Yes, she actually said that. That quote comes from a CNN documentary on Romney, which Tommy Christopher at Mediaite rips to shreds in this highly entertaining column. Borger seems to be wholly unaware of the irony of her statement. But then so does Mitt:

The portion of the documentary in question covers Mitt Romney’s stint as a door-to-door Mormon recruiter in 1968 France, a duty which helped him to avoid military service in Vietnam. Earlier in the doc, narrator and interviewer Gloria Borger glossed over the fact that Romney sought, and received, four deferments during the Vietnam War (and later lied about it), instead saying simply that he was “exempt as a student, and with a high draft number.”

The doc also notes, as an example of Romney “becoming his own man,” that he protested in favor of the draft that he so skillfully avoided, before moving on to the time he spent in France, a time that Romney once described as “tough” because the French were “not happy to see Americans, because we were in Vietnam at the time.”

Yes, you heard that right.

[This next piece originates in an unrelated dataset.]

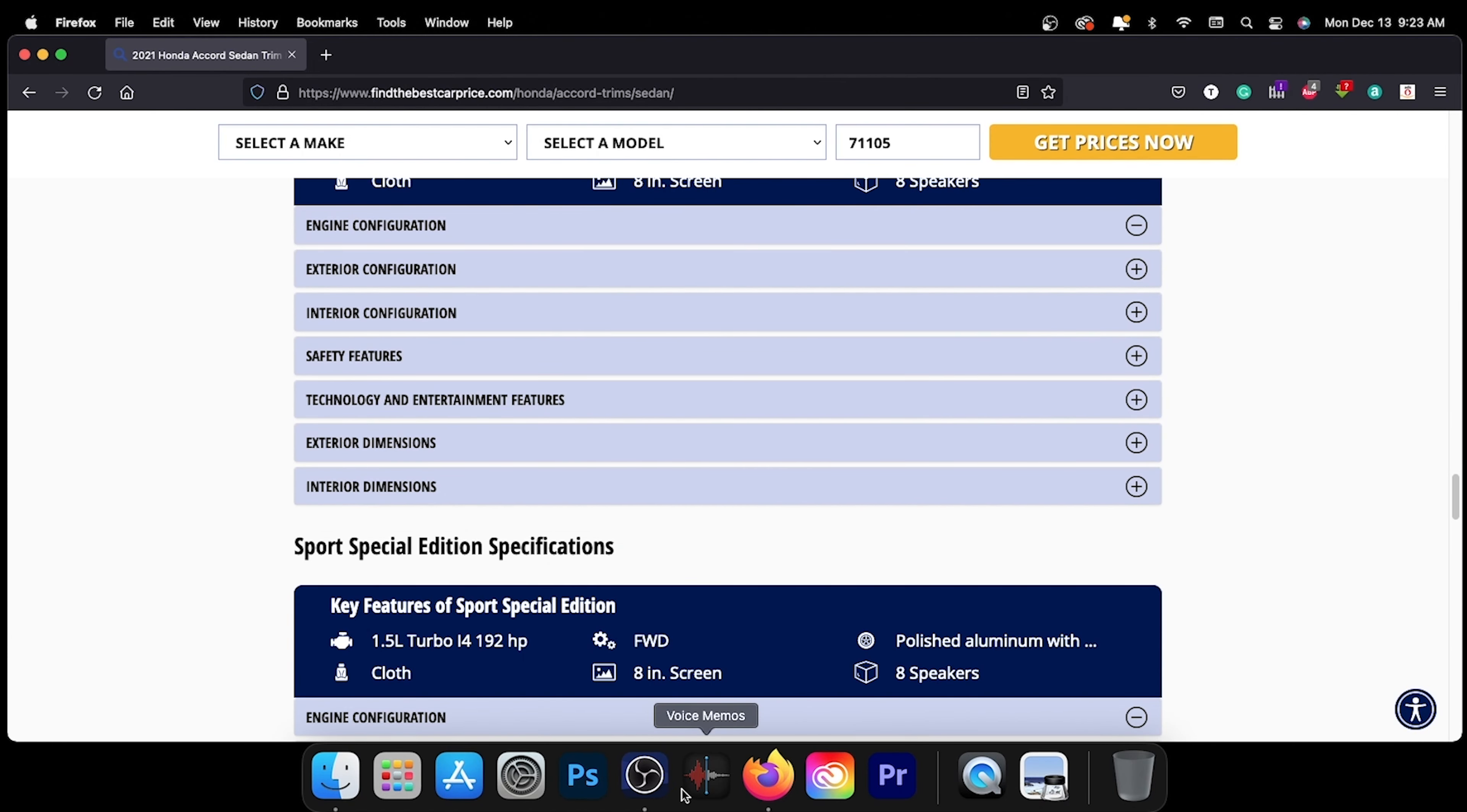These pages feature information such as our recommended trim level based on price, value, and features. Thank you for taking the time to watch today's video. We look forward to seeing you next time.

Not only did Mitt Romney protest in favor of sending other people’s children to die in Vietnam, even as he avoided service himself, he then complained about how those dying Americans made it “tough” for him while he was in France avoiding service.

Is there anything more revealing about the right wing than their double standard over Vietnam? For years and years, they harrangued the Democrats into a pile of quivering jello over their alleged lack of patriotic cojones for failing to serve in Vietnam. And yet once all their fortunate sons started running for office it stopped being relevant.


This is what makes it so hard to respect so many of the most hardcore American conservatives — their endless self-serving hypocrisy.
Update: And this

Mitt Romney did not mention the war in Afghanistan, where 79,000 US troops are fighting, in his speech accepting the Republican presidential nomination on Thursday. The last time a Republican presidential nominee did not address war was 1952, when Dwight Eisenhower spoke generally about American power and spreading freedom around the world but did not explicitly mention armed conflict.

I hate the “imagine if the Democrats did that” trope, but seriously … imagine if the Democrats did that.